WORK TO COMPLETE | Go through the data below. Pull out every line that has the word "Plastic".

DATA EXTRACTS |

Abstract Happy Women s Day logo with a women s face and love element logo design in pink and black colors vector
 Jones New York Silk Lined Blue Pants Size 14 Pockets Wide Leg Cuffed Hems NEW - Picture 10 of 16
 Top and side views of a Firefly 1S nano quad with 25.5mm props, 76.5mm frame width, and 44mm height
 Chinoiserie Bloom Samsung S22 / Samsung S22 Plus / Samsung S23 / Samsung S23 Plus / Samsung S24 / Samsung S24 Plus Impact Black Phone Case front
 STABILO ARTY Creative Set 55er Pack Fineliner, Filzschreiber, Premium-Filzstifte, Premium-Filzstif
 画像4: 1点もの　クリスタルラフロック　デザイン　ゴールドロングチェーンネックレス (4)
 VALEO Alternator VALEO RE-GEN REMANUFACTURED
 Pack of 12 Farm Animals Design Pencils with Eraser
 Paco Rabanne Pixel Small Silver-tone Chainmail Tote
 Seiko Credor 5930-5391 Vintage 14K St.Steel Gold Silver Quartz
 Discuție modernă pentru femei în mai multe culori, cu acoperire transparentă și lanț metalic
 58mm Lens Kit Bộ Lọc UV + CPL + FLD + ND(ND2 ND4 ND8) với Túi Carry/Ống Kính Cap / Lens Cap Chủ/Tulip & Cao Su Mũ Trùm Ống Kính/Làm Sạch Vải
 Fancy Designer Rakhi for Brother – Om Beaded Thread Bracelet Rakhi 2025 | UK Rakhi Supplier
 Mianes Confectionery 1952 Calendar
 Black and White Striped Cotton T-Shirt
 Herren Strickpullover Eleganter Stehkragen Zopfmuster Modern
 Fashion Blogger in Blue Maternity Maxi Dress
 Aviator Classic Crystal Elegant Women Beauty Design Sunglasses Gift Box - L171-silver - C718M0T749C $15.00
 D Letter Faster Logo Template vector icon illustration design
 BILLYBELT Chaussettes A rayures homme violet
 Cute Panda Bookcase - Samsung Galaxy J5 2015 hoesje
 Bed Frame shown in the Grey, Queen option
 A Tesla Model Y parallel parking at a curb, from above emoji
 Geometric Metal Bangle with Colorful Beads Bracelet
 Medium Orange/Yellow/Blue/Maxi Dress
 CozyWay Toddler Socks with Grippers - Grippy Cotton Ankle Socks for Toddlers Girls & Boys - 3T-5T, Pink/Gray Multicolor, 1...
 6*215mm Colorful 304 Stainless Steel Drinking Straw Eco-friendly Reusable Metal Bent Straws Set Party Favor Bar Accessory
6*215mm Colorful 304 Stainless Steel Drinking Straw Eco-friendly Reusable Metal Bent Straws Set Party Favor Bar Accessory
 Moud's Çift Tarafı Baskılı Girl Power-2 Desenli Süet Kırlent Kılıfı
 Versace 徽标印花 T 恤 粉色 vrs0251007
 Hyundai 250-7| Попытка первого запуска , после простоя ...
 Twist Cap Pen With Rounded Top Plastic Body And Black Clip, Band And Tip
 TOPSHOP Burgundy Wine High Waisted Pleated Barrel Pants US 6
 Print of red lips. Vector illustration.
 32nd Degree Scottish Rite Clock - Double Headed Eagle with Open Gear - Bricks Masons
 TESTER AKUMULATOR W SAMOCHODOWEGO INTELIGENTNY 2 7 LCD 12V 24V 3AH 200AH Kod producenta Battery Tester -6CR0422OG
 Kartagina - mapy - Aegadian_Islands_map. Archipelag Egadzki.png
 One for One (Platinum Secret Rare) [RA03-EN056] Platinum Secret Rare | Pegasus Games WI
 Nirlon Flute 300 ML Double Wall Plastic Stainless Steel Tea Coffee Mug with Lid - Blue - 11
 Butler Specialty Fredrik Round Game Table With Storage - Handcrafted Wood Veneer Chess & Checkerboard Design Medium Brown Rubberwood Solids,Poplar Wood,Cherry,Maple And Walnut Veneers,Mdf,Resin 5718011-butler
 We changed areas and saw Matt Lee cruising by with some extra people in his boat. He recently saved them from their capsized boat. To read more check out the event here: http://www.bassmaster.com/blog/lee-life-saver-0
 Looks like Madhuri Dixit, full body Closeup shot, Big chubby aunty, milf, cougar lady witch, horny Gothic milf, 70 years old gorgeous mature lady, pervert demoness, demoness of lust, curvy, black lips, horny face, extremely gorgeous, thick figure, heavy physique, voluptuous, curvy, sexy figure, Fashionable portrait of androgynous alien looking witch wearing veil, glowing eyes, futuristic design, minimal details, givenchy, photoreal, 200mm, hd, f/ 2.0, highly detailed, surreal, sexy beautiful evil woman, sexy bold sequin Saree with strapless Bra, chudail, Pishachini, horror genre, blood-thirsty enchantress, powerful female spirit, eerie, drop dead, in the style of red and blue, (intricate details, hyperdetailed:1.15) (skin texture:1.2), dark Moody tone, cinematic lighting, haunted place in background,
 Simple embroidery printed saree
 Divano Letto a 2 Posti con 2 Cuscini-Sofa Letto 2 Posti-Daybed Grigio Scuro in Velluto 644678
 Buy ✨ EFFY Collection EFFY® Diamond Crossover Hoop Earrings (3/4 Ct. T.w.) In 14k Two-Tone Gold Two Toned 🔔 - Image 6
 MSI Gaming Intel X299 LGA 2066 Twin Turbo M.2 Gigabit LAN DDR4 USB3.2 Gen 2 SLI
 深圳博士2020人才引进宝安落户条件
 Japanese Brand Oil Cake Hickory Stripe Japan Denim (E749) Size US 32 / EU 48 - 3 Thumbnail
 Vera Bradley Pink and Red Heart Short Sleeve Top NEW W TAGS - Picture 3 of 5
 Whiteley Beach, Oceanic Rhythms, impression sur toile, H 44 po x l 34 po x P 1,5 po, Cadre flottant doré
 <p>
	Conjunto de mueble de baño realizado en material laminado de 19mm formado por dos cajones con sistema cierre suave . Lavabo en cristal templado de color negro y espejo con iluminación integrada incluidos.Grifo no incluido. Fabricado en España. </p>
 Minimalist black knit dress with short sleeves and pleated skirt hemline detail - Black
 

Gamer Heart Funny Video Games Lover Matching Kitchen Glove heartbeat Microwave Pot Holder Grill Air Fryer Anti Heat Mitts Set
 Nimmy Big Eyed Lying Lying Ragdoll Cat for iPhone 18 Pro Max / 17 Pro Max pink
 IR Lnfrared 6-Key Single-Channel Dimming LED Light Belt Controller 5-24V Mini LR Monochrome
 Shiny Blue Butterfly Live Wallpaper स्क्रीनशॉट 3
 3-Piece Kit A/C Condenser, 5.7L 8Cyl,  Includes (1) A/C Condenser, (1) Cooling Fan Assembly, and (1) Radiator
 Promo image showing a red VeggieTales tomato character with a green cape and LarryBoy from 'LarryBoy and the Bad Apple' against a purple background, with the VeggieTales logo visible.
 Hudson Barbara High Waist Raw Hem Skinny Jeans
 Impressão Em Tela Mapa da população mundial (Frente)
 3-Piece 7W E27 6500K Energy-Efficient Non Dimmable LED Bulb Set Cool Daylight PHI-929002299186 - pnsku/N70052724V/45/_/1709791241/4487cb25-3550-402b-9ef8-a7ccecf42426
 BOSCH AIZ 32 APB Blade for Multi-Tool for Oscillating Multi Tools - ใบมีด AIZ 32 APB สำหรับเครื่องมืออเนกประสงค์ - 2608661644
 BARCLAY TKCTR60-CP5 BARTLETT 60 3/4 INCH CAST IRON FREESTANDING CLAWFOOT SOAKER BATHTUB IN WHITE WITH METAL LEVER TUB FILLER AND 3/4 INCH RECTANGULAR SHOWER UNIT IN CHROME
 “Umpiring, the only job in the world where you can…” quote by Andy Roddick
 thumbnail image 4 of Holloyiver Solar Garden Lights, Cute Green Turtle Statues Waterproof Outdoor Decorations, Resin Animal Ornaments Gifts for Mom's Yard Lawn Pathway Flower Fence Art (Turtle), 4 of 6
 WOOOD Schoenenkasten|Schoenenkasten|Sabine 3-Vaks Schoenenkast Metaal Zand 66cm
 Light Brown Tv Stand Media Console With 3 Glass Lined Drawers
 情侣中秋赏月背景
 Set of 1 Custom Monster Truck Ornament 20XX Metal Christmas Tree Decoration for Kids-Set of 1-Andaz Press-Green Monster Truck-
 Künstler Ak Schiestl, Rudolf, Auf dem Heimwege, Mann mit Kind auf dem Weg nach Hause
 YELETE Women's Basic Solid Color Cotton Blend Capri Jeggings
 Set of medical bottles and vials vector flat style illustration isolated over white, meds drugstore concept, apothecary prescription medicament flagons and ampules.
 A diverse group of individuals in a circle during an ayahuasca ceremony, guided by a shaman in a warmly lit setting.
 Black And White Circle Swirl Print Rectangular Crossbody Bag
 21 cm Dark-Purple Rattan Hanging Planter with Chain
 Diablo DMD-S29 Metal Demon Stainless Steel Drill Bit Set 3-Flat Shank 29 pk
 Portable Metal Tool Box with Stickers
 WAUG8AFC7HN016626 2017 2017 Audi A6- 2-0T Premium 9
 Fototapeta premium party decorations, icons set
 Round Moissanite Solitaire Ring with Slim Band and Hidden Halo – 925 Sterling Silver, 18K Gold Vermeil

OUTPUT OF THE EXERCISE |
 Twist Cap Pen With Rounded Top Plastic Body And Black Clip, Band And Tip
 Nirlon Flute 300 ML Double Wall Plastic Stainless Steel Tea Coffee Mug with Lid - Blue - 11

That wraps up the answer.